Cost savings and higher quality results
There’s a long list of good reasons to have your source materials reviewed by a professional before sending them for translation. Here are just a few:
- Readability: If the proofreader doesn’t understand a term, abbreviation or particular wording in your source content, there’s a pretty good chance your intended audience — not to mention the translators responsible for localizing the document — won’t understand it either.
- Less time spent clarifying issues during the translation process: When you’ve got deadlines coming up, questions and requests for clarification from translators are the last thing you and your team need. But this type of feedback is common, and the best way to save time down the line and ensure you meet your deadlines is to set time aside up front to have your source materials thoroughly reviewed so that you can address any and all potential issues before the translators set to work.
- Text quality: The quality criteria placed on any given document or media depend on the type of content they contain, the target audience, the communication goal and any legal requirements they might be subject to. In a preliminary review, a professional proofreader checks your text against these and other quality criteria you specify. When it comes to quality, the technical side of things also matters. For translation, this means making sure translation memories are populated with high-quality entries by first ensuring that the source document is completely free of errors. Failure to do so could end up costing you later on.
- Getting the most out of translation memories: It’s important to make sure that source documents use consistent spelling, names, terminology, units of measure, slogans and formatting. Even minute differences in a text are taken into account by translation memories, and a lack of consistency means you might end up footing the bill for text which has already been translated.
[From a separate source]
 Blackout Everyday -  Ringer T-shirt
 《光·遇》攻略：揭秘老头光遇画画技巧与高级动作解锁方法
- Higher rates of correspondence between source and target: Translation memories are often used for translating in both directions (Across actually does this by default). This means your source text may be used at a later point in time as a suggested translation if there’s a high enough correspondence between the new source text and the former target text. For German to English translations, this means your German originals are kept in the translation memory to be used as potential content for subsequent translations from English into German, thus impacting the quality of expression in your target documents. Given the increasing amount of content being produced by non-native speakers today, it’s essential to have your source materials thoroughly reviewed prior to being translated to avoid having to make corrections and clean up your translation memories later.